### Supplied data
==*==
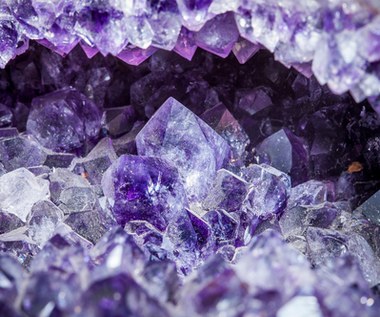 Czy kryształy minerałów oraz żyły wodne mają magiczną moc?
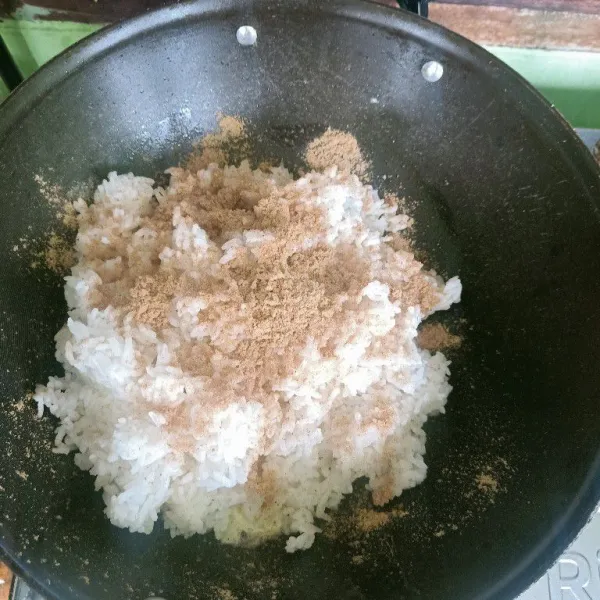 Masukkan nasi ke dalam wajan yang berisikan telur orak-arik. Lalu masukkan bumbu nasi goreng dan merica bubuk. Aduk rata.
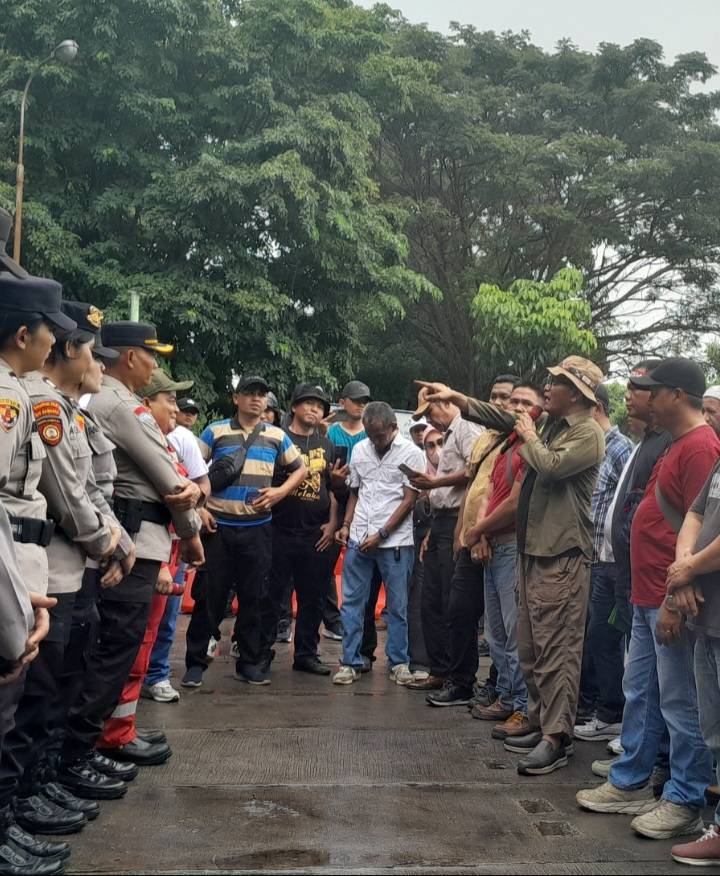 Sampaikan Tuntutan Aksi, Massa MPPS Blokir Gate I Kilang Pertamina Dumai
==*==
### Task requirements
Print the entire listing precisely as written, omitting the images it holds.

### Result of this exercise
 Czy kryształy minerałów oraz żyły wodne mają magiczną moc?
 Masukkan nasi ke dalam wajan yang berisikan telur orak-arik. Lalu masukkan bumbu nasi goreng dan merica bubuk. Aduk rata.
 Sampaikan Tuntutan Aksi, Massa MPPS Blokir Gate I Kilang Pertamina Dumai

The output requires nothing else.